Assigned task: Go through the listing and retype each line exactly.

++++++++++

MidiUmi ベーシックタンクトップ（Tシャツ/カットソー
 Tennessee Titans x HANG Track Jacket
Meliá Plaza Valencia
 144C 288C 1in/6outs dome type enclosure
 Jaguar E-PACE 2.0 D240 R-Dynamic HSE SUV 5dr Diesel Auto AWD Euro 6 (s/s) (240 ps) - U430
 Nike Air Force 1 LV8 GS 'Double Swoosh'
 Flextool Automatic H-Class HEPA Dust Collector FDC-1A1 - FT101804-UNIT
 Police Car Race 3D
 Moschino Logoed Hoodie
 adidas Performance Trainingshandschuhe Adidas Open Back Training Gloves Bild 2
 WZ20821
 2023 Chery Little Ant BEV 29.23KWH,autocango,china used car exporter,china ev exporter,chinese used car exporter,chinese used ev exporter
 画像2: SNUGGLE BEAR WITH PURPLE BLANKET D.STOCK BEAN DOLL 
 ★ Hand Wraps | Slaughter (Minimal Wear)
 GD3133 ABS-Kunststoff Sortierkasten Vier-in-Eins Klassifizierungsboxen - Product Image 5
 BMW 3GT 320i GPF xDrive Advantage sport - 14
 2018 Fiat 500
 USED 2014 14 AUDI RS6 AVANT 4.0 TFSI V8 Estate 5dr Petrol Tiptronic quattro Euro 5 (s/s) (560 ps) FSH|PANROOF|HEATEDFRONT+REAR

++++++++++

Task answer:
MidiUmi ベーシックタンクトップ（Tシャツ/カットソー
 Tennessee Titans x HANG Track Jacket
Meliá Plaza Valencia
 144C 288C 1in/6outs dome type enclosure
 Jaguar E-PACE 2.0 D240 R-Dynamic HSE SUV 5dr Diesel Auto AWD Euro 6 (s/s) (240 ps) - U430
 Nike Air Force 1 LV8 GS 'Double Swoosh'
 Flextool Automatic H-Class HEPA Dust Collector FDC-1A1 - FT101804-UNIT
 Police Car Race 3D
 Moschino Logoed Hoodie
 adidas Performance Trainingshandschuhe Adidas Open Back Training Gloves Bild 2
 WZ20821
 2023 Chery Little Ant BEV 29.23KWH,autocango,china used car exporter,china ev exporter,chinese used car exporter,chinese used ev exporter
 画像2: SNUGGLE BEAR WITH PURPLE BLANKET D.STOCK BEAN DOLL 
 ★ Hand Wraps | Slaughter (Minimal Wear)
 GD3133 ABS-Kunststoff Sortierkasten Vier-in-Eins Klassifizierungsboxen - Product Image 5
 BMW 3GT 320i GPF xDrive Advantage sport - 14
 2018 Fiat 500
 USED 2014 14 AUDI RS6 AVANT 4.0 TFSI V8 Estate 5dr Petrol Tiptronic quattro Euro 5 (s/s) (560 ps) FSH|PANROOF|HEATEDFRONT+REAR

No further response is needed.